WORK INSTRUCTIONS - From the line containing "Soild oak table and 4 grey leather chairs" to the end of the entries, return every line exactly, both ends included, and add nothing.

RECORDS SUPPLIED -
============================================================

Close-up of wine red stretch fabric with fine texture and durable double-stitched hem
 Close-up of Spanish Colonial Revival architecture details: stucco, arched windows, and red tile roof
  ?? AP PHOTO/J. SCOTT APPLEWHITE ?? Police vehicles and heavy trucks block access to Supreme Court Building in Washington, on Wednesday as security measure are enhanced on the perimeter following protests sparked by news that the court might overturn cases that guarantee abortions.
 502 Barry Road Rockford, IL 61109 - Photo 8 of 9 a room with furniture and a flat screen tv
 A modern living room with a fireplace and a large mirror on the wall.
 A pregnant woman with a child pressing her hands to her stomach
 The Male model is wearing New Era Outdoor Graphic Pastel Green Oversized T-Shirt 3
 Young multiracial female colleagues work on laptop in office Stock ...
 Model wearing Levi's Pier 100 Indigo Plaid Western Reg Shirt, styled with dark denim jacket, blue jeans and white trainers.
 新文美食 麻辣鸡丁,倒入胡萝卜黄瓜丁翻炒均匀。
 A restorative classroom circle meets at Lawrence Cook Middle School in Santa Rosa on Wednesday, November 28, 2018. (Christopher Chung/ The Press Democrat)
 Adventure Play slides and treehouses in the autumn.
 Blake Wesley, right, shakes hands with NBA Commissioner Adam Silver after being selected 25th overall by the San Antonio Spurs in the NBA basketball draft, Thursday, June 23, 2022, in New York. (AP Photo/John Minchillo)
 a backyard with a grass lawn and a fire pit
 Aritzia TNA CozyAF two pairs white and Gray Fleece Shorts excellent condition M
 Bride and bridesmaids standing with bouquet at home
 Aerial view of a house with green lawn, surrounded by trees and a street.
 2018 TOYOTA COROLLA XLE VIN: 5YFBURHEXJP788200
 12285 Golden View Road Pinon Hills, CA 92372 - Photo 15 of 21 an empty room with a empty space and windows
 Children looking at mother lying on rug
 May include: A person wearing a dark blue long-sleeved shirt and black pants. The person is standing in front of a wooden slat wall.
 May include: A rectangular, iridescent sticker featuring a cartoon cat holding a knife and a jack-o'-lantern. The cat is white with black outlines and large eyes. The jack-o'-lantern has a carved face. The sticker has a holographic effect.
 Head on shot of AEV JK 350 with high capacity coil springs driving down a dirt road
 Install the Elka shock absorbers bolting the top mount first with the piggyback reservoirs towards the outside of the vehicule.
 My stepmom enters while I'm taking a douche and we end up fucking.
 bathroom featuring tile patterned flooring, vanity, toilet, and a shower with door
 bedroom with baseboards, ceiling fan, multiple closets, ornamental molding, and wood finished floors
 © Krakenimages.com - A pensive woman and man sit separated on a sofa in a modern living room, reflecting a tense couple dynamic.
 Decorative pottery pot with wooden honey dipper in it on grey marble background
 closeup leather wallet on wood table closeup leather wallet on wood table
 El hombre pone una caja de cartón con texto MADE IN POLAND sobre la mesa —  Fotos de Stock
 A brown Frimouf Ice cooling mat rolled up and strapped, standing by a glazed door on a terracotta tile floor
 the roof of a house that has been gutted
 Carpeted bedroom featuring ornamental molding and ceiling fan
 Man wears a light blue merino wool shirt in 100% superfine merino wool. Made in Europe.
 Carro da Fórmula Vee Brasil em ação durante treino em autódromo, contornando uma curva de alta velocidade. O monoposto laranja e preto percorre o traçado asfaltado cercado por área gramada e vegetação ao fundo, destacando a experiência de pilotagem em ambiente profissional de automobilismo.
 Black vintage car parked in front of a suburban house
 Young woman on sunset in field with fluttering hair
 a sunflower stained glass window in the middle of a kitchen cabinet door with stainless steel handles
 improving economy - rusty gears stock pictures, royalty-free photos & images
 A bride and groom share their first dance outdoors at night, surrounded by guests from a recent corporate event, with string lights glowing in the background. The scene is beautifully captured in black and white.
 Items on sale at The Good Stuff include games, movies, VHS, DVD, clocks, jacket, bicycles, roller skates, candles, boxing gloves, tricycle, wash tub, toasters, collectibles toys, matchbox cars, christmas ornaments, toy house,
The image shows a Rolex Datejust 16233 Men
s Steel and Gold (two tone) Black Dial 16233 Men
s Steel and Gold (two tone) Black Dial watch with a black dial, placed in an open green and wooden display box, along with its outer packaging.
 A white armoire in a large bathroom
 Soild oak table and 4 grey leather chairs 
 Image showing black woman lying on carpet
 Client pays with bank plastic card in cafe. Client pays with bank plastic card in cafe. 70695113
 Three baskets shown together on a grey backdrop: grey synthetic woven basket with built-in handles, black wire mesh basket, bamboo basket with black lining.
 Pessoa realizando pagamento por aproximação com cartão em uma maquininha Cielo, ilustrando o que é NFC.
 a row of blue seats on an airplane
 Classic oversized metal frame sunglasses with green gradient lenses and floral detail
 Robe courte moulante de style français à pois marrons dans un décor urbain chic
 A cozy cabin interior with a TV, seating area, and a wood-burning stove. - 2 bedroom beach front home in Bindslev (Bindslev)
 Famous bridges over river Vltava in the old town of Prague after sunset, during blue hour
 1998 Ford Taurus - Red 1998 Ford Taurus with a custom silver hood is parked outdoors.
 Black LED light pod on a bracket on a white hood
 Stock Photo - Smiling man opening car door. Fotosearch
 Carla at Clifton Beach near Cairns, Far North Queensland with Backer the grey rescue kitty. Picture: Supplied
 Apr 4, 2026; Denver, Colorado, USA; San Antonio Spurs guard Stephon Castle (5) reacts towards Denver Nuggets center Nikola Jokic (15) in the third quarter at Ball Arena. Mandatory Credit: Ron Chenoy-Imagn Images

============================================================

RESPONSE TO THIS EXERCISE -
 Soild oak table and 4 grey leather chairs 
 Image showing black woman lying on carpet
 Client pays with bank plastic card in cafe. Client pays with bank plastic card in cafe. 70695113
 Three baskets shown together on a grey backdrop: grey synthetic woven basket with built-in handles, black wire mesh basket, bamboo basket with black lining.
 Pessoa realizando pagamento por aproximação com cartão em uma maquininha Cielo, ilustrando o que é NFC.
 a row of blue seats on an airplane
 Classic oversized metal frame sunglasses with green gradient lenses and floral detail
 Robe courte moulante de style français à pois marrons dans un décor urbain chic
 A cozy cabin interior with a TV, seating area, and a wood-burning stove. - 2 bedroom beach front home in Bindslev (Bindslev)
 Famous bridges over river Vltava in the old town of Prague after sunset, during blue hour
 1998 Ford Taurus - Red 1998 Ford Taurus with a custom silver hood is parked outdoors.
 Black LED light pod on a bracket on a white hood
 Stock Photo - Smiling man opening car door. Fotosearch
 Carla at Clifton Beach near Cairns, Far North Queensland with Backer the grey rescue kitty. Picture: Supplied
 Apr 4, 2026; Denver, Colorado, USA; San Antonio Spurs guard Stephon Castle (5) reacts towards Denver Nuggets center Nikola Jokic (15) in the third quarter at Ball Arena. Mandatory Credit: Ron Chenoy-Imagn Images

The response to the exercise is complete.